Ray Odums

No. 32, 35
- Position: Defensive back

Personal information
- Born: October 30, 1951 (age 74) United States

Career information
- College: Alabama

Career history
- Winnipeg Blue Bombers (1975); Saskatchewan Roughriders (1975–1977); Calgary Stampeders (1978–1984); Memphis Showboats (1985);

Awards and highlights
- CFL All-Star: 1980, 1981, 1982;

= Ray Odums =

American gridiron football player (born 1951)

Ray Odums (born October 30, 1951) is a football player who played in the CFL and USFL. He played defensive back (DB). From 1975 to 1984 Odums was DB for the Winnipeg Blue Bombers, the Saskatchewan Roughriders, and the Calgary Stampeders. He was a CFL All-Star in 1980, 1981 and 1982. Later he played with the Memphis Showboats in the USFL in 1985. Odums played college football at the University of Alabama.

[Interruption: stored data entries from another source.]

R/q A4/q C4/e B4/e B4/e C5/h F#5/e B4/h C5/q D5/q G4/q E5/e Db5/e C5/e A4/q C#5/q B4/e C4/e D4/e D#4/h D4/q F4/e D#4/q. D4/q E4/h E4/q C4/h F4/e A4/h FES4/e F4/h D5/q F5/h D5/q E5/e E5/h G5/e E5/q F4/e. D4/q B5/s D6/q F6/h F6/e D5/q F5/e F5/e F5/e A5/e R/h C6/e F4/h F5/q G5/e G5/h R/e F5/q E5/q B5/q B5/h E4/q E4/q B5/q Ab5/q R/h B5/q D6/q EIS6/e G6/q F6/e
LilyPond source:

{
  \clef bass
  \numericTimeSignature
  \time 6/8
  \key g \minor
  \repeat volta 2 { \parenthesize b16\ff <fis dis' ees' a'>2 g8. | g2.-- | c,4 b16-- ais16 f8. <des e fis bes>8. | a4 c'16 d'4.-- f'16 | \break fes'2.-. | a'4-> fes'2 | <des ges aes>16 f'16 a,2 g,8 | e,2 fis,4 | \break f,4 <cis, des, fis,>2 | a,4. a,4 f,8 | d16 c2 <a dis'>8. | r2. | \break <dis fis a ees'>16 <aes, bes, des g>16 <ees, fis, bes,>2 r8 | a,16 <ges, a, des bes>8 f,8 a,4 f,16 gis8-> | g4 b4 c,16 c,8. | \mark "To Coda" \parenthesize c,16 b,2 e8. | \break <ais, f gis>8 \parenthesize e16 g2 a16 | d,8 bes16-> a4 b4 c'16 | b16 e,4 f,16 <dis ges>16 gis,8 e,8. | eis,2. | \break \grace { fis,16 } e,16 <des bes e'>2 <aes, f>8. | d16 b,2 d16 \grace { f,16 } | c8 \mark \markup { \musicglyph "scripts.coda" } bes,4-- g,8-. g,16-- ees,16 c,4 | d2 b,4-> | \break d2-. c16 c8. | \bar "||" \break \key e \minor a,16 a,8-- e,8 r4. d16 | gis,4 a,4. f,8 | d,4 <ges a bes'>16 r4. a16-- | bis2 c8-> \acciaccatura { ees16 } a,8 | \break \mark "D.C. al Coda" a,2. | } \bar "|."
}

Odums also was a standout guard on the Alabama Crimson Tide basketball team and played for coach CM Newton, who would start five black players in a time of racial turbulence and progress. Center Leon Douglas said, "We knew Coach Newton (signed us) because he wanted to win. He wasn't trying to be a trailblazer. You have to respect a man for putting five black starters on the court when others said it was a no-no." On December 28, 1973, in a 65-55 win at Louisville Cardinals men's basketball, Newton started Douglas, Charles "Boonie" Russell, Charles Cleveland, T.R. Dunn and Odums for the first all-black starting line-up in SEC history, and a team that would win the SEC season title.